Antaeotricha ceratistes

Scientific classification
- Domain: Eukaryota
- Kingdom: Animalia
- Phylum: Arthropoda
- Class: Insecta
- Order: Lepidoptera
- Family: Depressariidae
- Genus: Antaeotricha
- Species: A. ceratistes
- Binomial name: Antaeotricha ceratistes (Walsingham, 1912)
- Synonyms: Stenoma ceratistes Walsingham, 1912;

= Antaeotricha ceratistes =

- Authority: (Walsingham, 1912)
- Synonyms: Stenoma ceratistes Walsingham, 1912

Species of moth

Antaeotricha ceratistes is a moth in the family Depressariidae. It was described by Lord Walsingham in 1912. It is found in Mexico (Guerrero).

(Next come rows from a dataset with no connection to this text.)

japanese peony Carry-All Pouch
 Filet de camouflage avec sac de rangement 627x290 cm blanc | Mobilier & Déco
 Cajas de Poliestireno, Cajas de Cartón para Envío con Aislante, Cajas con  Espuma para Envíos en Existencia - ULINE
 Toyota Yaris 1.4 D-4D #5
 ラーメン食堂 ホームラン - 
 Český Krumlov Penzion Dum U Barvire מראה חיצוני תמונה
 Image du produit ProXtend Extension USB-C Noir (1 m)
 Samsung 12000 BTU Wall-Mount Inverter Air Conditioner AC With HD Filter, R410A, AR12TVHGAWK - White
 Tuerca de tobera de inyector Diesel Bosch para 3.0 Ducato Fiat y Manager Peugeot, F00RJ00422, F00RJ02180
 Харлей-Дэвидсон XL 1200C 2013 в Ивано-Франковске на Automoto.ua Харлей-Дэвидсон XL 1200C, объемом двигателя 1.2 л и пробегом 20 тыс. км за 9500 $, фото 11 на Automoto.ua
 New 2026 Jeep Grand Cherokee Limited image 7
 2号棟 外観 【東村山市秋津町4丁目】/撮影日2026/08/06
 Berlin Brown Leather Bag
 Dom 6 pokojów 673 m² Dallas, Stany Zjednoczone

The wingspan is 19–21 mm. The forewings are pale fawn-grey, with a slight brownish tinge, the costal third dirty whitish, widening outwardly to the middle of the termen, but traversed by diffused lines of pale fawn-brownish scales, following the neuration beyond the end of the cell. At the end of the cell is a small brownish fuscous spot, a narrow elongate spot of the same color placed in the middle of the fold, and a faint indication of two or three brownish fuscous dots on the lower part of the termen. The hindwings are very pale brownish grey, with a tuft of long ochreous hair-scales near the base of the costa on the upperside in the males.